Long pKa data file format:

The long format includes one row for each pKa. Compounds with multiple pKas will appear in multiple rows.

Column Description
sample compound/sample ID (must match registration file)
pka_value value of pka
pka_type type of pka ("acid" or "base")

Filtering/Limiting Entries

One can limit the entries that are used in the experiment by filtering samples in the regi file by including a filter file with the --filter-file argument. The filter file just needs one column sample that matches samples in the regi file. Only samples found in the filter file will progress to subsequent steps for generating experiment files.
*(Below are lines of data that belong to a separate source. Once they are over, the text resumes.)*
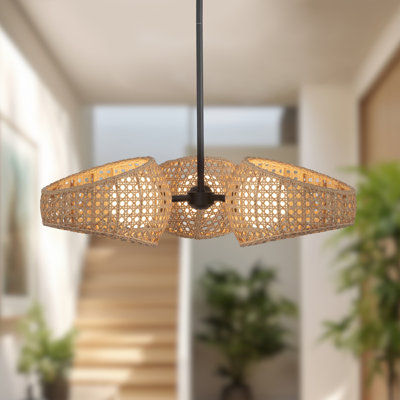 Lustre moderne à DEL 25 po Lanai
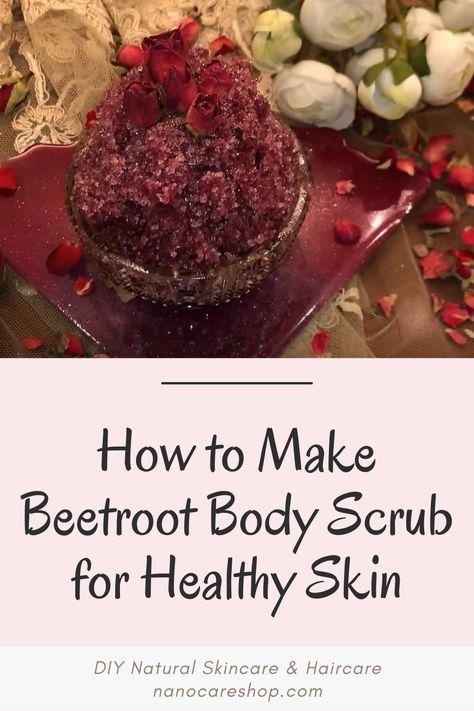 Looking for a natural and cost-effective way to achieve healthy, radiant skin? Learn how to make beetroot body scrub! This DIY skincare solution is easy to make at home using simple and affordable ingredients like beetroot powder, almond oil, white sugar, and essential oils. Whether you have dry, oily, or sensitive skin, this natural beauty hack can help you achieve smooth, glowing skin without the use of harsh chemicals or expensive products. Diy Vitamin C Serum, Diy Makeup Recipe, Expensive Products, Smooth Glowing Skin, Makeup Recipes, Body Craft, Beet Root, Beetroot Powder, Diy Body Scrub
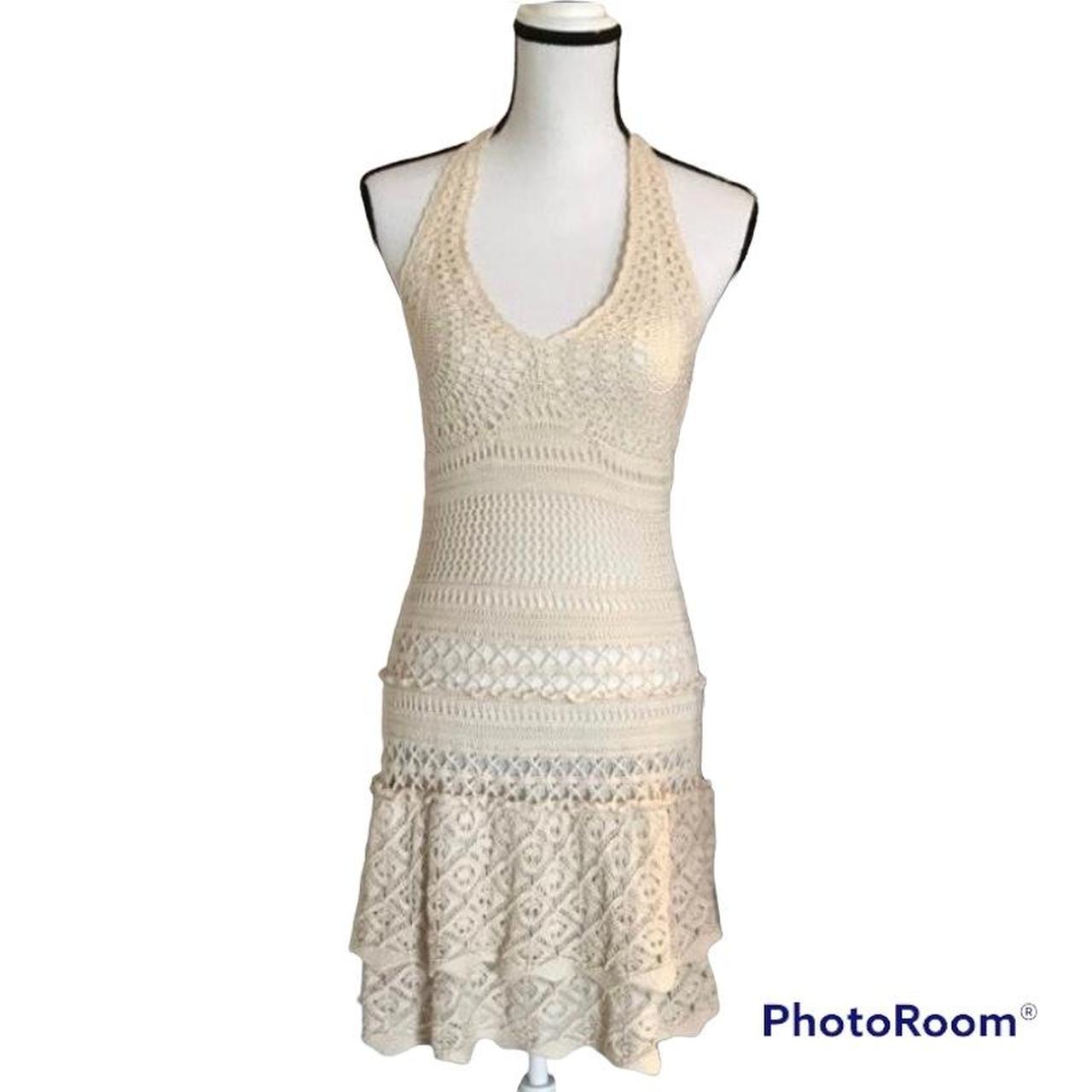 Moda international outlet crochet dress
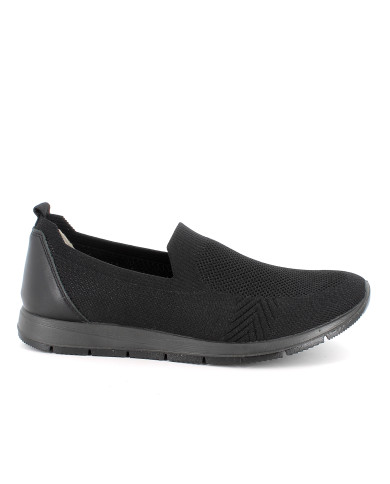 SLIP-ON ENVAL SOFT DONNA  T.FLYKNIT6 RECY NERO 1263700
Available experiment layouts

TrayFormat Description
fastuvpska 47 samples per tray, with one calibration
phmetric 24 samples per tray, with 1x cleanup step after each
uvmetric 24 samples per tray, calibration before each sample
logp 16 samples per tray, with 2x cleanup steps after each

Files for each tray will be generated in the output directory provided with the --output argument.

Examples

# Generate csv experiment import files with fastuvpska format
t3_gencsv --regi <registration file> --pka <pKa data file> --protocol fastuvpska --output <new_pka_experiment_dir>

# Generate csv experiment import files with logp format (solvent is required)
t3_gencsv --regi <registration file> --pka <pKa data file> --protocol logp --logp-solvent octanol --output <new_logp_experiment_dir>

# Generate csv experiment import files with phmetric tray format and only include samples listed in the filter file
t3_gencsv --regi <registration file> --filter-file <filter_file> --pka <pKa data file> --protocol phmetric --output <new_logp_experiment_dir>

# Generate csv with custom concentration (20 mM) and volume (10 µL)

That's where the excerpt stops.